Madagascar is an island to the east of Mozambique in the Indian Ocean that has a unique people and ecological system that make it a fascinating place to visit. It has always been on the very margins of African affairs, and the fact that it was settled by East Asian seafarers rather than Africans means in many ways it seems more Asian than African. Its isolation and uniqueness is such that one of Hitler’s plans during the Second World War was to move all the Jews in Europe to the island.

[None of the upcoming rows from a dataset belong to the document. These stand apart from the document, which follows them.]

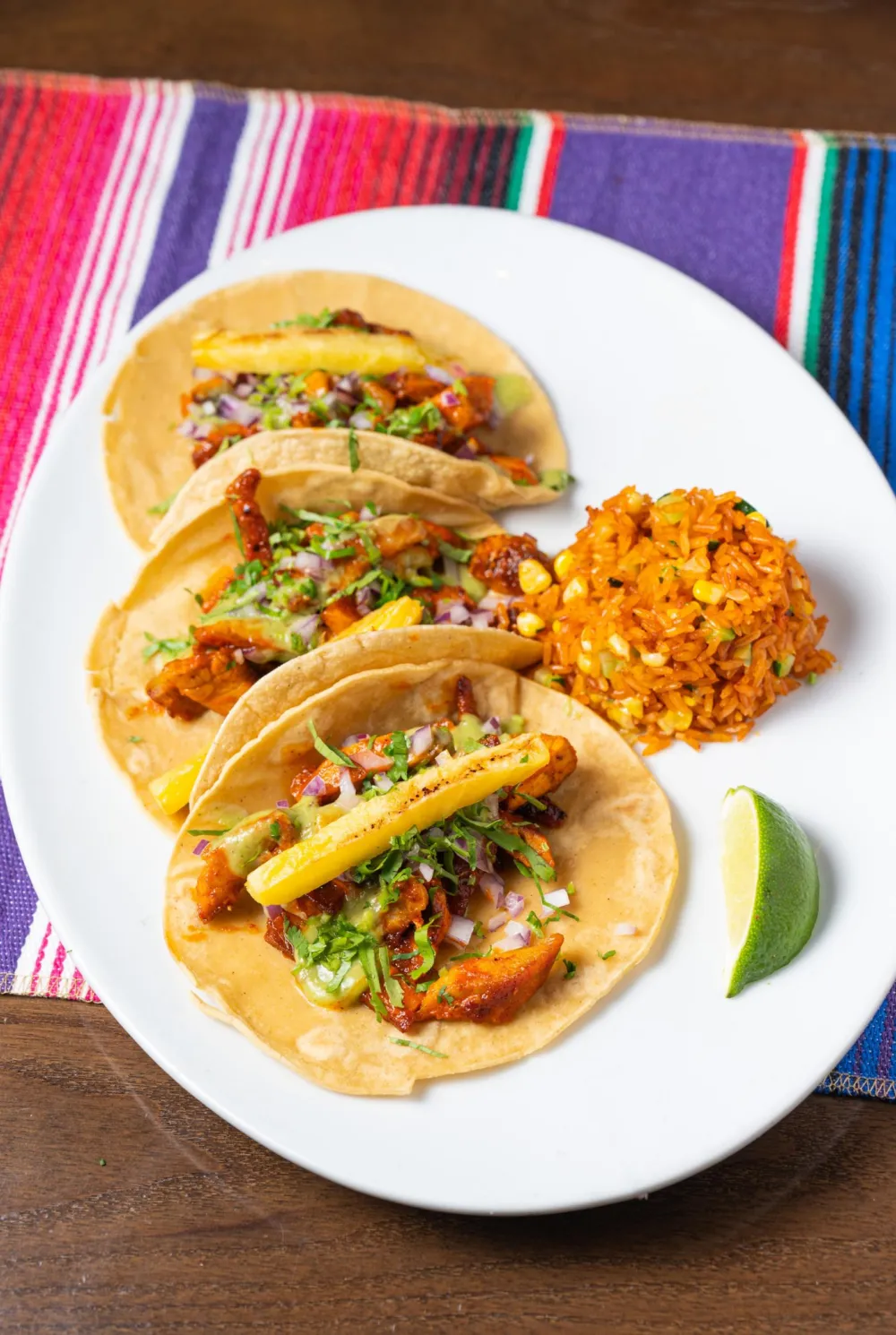 Adobo Grill Al Pastor Tacos for Where to Dine for Easter Feasts with the Whole Family
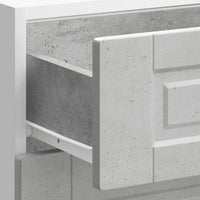 Base da Cucina-Mobile Base da Cucina Porto Grigio Cemento in Legno Multistrato 882238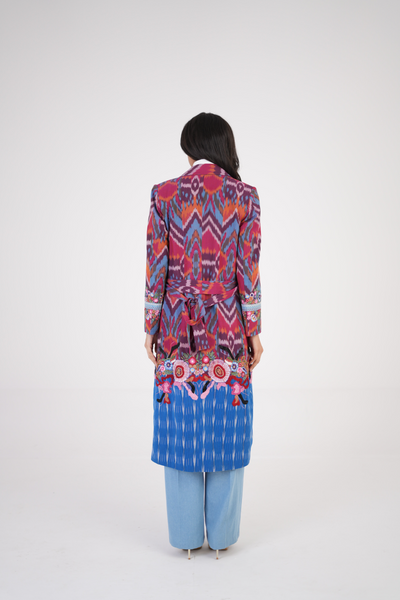 Handloom Legacy Long Jacket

The French established trading posts on the island in the 17th century, which became favourite haunts of pirates for many years. During World War Two, British forces occupied the island amid fears the Japanese would use it as a staging post for an African campaign. The British returned the island to the French, who eventually declared it independent in 1958.
Malagasay (pronounced mala-gash) is spoken throughout the whole island. Given the island’s size (roughly that of Kenya) there are differences in dialects, though everyone understands each other more or less. The language is of Austronesian descent, which was bought by the Malay and Indonesian seafarers that settled the island around 2000 years ago. Theoretically, French is still an official language, although you will find that only government officials, businessmen, those in the tourist industry, doctors or those with a university education have any French; and they are equally likely to speak some English.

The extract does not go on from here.